■ **Work request**:
In the data below, set down exactly the lines from the one containing "Dogs Collection" up to and including the one containing "Picture of Mugsy and Dexter". Leave the pictures out.

═══ Material shown ═══

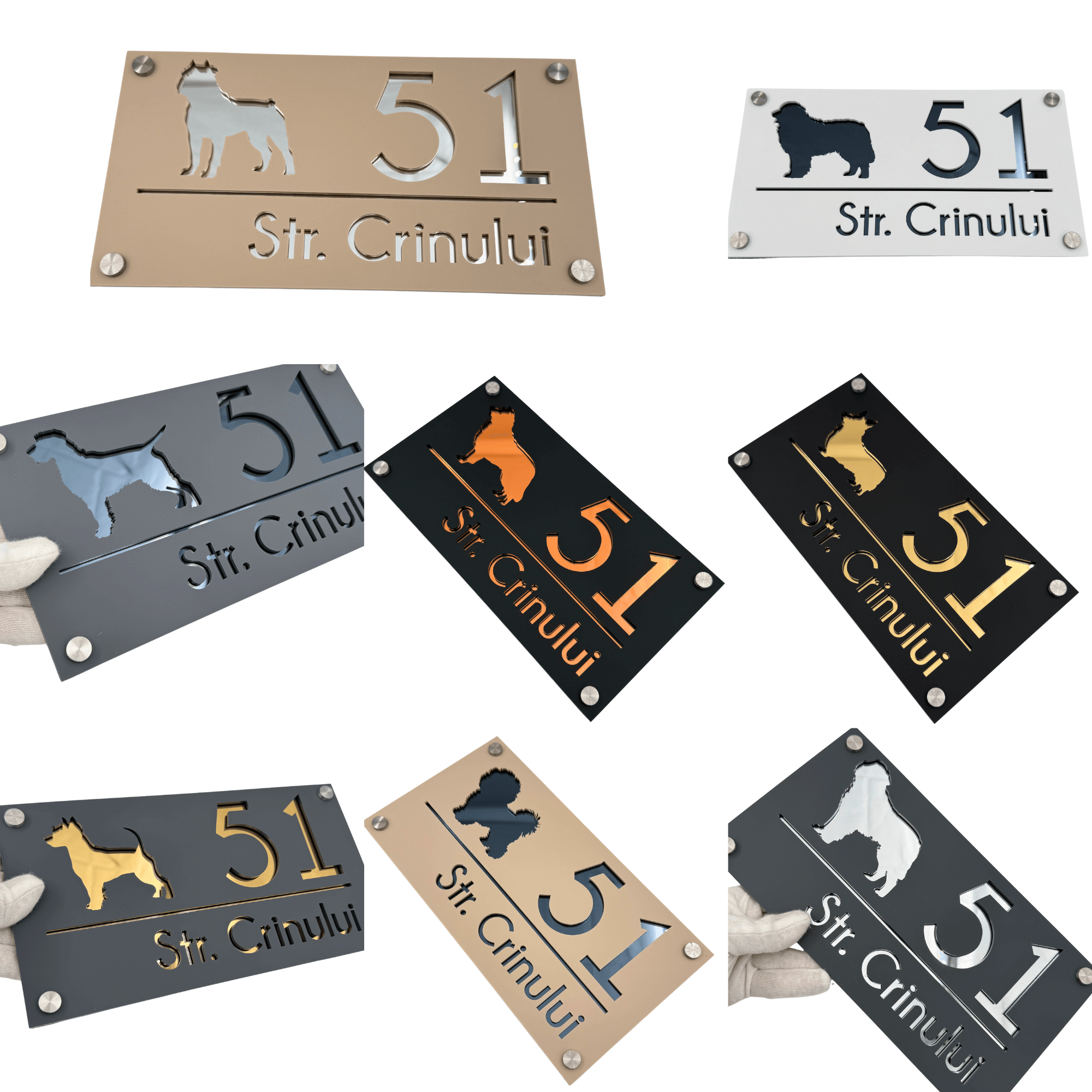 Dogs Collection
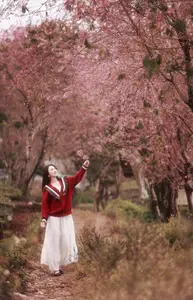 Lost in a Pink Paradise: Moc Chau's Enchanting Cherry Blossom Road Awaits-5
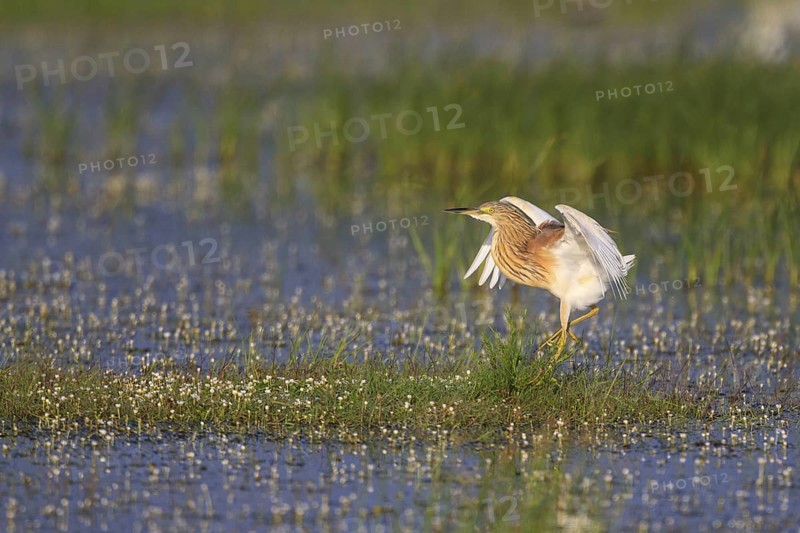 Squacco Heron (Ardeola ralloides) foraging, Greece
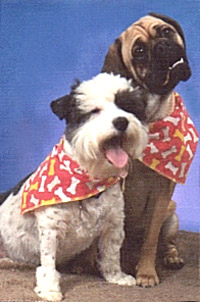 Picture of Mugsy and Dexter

═══
═══ Material shown ═══

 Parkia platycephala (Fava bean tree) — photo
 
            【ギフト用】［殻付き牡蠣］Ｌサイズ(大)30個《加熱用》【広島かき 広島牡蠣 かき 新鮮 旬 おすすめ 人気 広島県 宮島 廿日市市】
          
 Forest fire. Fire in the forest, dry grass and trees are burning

═══
═══ Material shown ═══

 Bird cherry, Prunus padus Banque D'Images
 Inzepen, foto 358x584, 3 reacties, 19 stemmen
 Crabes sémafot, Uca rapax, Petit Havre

═══

■ **Answer below**:
 Dogs Collection
 Lost in a Pink Paradise: Moc Chau's Enchanting Cherry Blossom Road Awaits-5
 Squacco Heron (Ardeola ralloides) foraging, Greece
 Picture of Mugsy and Dexter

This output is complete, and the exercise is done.